Running on the Economy in 2020

President Donald Trump at a campaign rally in Green Bay, Wisc., April 27, 2019. (Yuri Gripas/Reuters)

How to think about the Trump-era economy?

Begin with a reminder that Americans’ beliefs about the relationship between presidents and the performance of the national economy are largely superstitious. Politicians encourage this superstitious belief. But there is a lot more to GDP growth and the labor market than the character or intelligence of the president, and the changes in federal policy from one president to the next are not necessarily the major factors driving economic change. This cannot be overemphasized. But that is not to say that specific policies, e.g., an incompetently executed trade war, do not have consequences.

That being written . . .

The wage and employment data have been very encouraging. If Trump is going to run on the economy in 2020, that’s what he is going to run on. That’s the good news, and it’s not good news for Trump alone.

Conversely, Trump has failed on other fronts as measured by his own criteria. Remember those promises about sustained 3-percent growth? So far, that hasn’t happened, and it does not appear likely to. Growth has been in fact around 2 percent—and slowing.

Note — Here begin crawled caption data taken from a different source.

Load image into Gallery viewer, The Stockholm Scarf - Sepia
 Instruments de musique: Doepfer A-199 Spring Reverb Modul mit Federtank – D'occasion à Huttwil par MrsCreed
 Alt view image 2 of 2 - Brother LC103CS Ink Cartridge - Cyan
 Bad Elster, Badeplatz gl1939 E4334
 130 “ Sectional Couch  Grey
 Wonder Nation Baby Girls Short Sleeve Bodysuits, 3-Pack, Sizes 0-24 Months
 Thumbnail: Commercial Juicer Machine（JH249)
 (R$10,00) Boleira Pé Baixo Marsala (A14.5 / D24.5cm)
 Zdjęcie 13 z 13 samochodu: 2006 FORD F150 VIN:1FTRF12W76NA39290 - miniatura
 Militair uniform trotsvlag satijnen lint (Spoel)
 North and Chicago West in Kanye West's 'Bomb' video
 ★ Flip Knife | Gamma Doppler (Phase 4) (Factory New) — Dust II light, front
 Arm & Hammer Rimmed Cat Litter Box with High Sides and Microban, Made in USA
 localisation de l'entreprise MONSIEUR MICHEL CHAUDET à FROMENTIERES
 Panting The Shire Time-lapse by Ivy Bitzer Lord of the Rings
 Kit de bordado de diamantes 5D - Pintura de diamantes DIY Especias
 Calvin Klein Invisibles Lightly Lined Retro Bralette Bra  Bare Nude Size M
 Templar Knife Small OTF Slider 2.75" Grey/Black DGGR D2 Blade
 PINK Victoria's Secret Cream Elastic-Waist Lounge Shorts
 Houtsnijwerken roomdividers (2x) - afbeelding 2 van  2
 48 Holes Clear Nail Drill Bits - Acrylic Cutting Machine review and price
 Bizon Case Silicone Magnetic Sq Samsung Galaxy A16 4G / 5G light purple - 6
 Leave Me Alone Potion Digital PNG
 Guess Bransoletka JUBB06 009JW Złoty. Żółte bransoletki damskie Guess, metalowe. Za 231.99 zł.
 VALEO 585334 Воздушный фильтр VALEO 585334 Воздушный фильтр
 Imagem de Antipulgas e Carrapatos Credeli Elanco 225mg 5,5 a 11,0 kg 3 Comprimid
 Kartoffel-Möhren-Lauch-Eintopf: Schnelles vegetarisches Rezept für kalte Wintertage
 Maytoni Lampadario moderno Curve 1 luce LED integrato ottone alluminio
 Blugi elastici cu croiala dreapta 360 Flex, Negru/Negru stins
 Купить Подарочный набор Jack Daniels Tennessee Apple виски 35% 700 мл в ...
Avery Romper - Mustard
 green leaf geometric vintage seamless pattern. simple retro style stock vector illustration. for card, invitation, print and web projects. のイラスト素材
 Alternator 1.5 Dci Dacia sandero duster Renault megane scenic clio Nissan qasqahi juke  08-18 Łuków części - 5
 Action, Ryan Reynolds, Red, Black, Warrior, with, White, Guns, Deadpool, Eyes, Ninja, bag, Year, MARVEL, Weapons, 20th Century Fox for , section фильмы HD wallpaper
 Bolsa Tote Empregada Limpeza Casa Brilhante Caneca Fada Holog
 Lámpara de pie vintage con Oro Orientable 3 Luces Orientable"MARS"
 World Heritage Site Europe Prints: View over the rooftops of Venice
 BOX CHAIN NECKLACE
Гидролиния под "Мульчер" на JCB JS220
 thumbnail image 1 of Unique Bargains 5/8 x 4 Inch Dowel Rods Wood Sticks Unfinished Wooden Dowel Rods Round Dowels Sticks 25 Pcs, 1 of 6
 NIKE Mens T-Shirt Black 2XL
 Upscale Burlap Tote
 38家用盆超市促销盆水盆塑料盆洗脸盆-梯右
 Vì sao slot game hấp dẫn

The trade deficit, one of Trump’s big bugaboos, is larger today than it was when he took office, rather than smaller, as he promised. Reducing the trade deficit was never the right policy (most people, including President Trump, do not seem to understand what it is the trade deficit actually represents) but that is the metric Trump chose.

The deficit that does matter — the federal budget deficit — is on the rise.

Many of the same gold-plated “populists” who mocked Barack Obama for pointing to the performance of the stock market as an indicator of economic strength are now doing the same thing. That’s a tricky thing to bet your credibility on.

The fundamental question is this: If the economy is really doing as well as Trump and his allies claim, then why does it need constant goosing from the Fed (“Quantitative easing? Who, us?”)  and trillion-dollar budget deficits to keep the party going?

So far, no one has offered a plausible explanation of that.